Steve Reed

Personal information
- Full name: Stephen Eric Reed
- Date of birth: 6 January 1956 (age 70)
- Place of birth: Doncaster, England
- Position: Full back

Youth career
- Doncaster Rovers

Senior career*
- Years: Team / Apps / (Gls)
- 1972–1978: Doncaster Rovers / 140 / (2)
- 1979–19??: Gainsborough Trinity

= Steve Reed (footballer, born 1956) =

English footballer and coach

Steve Reed (born 6 January 1956) is a former footballer who played for Doncaster Rovers mainly as a full back and went on to coach Doncaster Belles.

==Playing career==
Reed initially played for the Doncaster Rovers Juniors side and then became an apprentice. During this time, as a 17-year-old, he was selected for training at Lilleshall with the England Youth Team.
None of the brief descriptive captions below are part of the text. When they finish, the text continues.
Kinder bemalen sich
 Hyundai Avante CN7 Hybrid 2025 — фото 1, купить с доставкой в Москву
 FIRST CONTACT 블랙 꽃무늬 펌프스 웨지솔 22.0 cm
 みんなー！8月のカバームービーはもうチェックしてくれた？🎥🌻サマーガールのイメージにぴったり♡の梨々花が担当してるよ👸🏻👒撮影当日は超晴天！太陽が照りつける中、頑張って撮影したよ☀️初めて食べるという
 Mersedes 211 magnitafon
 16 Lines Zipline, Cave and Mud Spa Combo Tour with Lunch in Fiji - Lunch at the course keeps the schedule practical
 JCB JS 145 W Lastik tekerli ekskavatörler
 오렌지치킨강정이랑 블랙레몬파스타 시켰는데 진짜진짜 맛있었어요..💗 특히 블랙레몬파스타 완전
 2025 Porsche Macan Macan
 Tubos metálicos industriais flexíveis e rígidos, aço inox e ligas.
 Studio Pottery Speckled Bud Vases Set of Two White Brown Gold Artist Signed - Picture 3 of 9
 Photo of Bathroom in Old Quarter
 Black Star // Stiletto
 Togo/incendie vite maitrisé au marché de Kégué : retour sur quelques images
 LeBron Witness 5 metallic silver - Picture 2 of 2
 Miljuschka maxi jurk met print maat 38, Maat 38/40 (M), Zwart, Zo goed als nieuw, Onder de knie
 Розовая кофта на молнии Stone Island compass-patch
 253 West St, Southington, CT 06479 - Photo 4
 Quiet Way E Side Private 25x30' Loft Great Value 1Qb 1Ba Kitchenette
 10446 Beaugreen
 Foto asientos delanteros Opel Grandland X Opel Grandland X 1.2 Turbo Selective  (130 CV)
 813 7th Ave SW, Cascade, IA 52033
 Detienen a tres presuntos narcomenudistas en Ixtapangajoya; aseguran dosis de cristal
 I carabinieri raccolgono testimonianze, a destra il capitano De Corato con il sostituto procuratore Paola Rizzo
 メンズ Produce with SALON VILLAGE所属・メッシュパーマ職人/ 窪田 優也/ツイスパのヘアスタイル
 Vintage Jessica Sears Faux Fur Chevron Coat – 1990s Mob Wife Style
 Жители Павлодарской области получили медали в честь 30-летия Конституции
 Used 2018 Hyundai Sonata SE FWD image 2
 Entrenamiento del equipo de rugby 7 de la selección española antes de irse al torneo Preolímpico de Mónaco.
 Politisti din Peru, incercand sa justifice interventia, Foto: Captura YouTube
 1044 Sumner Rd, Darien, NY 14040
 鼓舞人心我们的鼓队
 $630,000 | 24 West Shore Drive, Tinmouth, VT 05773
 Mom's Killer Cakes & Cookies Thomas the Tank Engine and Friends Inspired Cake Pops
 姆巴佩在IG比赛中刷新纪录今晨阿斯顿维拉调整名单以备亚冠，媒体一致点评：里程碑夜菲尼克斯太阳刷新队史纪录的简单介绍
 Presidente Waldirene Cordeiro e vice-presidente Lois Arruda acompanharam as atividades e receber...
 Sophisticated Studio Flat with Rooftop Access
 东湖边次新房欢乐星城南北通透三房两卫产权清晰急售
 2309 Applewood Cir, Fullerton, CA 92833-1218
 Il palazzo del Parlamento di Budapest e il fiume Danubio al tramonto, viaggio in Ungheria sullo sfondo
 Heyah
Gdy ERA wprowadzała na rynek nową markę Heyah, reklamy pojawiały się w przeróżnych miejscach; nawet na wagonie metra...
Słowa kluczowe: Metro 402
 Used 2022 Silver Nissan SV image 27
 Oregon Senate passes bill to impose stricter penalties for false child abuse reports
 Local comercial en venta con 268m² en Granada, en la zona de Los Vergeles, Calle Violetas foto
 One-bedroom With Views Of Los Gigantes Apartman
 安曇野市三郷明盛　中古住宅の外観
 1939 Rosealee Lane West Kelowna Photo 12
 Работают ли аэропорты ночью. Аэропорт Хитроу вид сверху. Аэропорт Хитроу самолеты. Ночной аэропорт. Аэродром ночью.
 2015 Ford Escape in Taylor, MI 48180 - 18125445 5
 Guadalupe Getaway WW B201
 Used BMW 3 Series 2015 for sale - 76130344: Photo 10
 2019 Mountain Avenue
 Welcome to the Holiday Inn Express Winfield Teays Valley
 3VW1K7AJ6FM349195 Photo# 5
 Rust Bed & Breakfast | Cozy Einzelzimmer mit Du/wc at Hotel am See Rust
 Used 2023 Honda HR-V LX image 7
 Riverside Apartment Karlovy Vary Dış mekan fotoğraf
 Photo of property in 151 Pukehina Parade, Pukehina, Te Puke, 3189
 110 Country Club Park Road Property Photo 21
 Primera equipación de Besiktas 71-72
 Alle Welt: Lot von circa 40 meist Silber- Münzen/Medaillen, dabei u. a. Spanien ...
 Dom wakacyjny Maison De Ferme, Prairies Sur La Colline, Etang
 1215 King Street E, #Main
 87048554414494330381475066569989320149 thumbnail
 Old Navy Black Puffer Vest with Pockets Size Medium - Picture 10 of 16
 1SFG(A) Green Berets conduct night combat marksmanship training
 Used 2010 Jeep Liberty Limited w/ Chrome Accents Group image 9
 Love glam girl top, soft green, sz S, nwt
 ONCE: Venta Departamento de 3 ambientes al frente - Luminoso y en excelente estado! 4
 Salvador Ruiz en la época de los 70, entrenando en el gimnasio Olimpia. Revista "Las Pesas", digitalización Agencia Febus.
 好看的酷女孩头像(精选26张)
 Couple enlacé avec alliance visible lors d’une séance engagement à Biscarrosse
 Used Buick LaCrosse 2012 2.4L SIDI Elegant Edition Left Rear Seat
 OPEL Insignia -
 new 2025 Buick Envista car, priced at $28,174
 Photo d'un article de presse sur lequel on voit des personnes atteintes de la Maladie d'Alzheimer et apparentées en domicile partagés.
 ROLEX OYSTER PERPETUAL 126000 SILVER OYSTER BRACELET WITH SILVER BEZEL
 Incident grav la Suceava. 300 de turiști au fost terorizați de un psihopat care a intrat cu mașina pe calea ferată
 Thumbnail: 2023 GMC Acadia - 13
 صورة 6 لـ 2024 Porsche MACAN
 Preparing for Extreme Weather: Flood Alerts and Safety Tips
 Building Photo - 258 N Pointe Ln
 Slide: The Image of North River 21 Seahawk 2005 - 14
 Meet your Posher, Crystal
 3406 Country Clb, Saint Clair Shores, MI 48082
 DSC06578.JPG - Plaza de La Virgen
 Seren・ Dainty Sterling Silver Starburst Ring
His debut for the first team came in English Division 4 on 26 August 1972 in a 3–1 defeat at Cambridge United when he came on as substitute. The first of his two League goals didn't come until 21 March 1975 in a 3–2 home victory over Swansea City.

His last game for Rovers was in December 1978. After making a total of 161 League, FA Cup and League Cup appearances, and scoring 4 goals, Reed went to play for Gainsborough Trinity.

==Coaching==
Reed coached FA Women's Premier League club Doncaster Belles during the 2000–01 season when they finished as runners-up.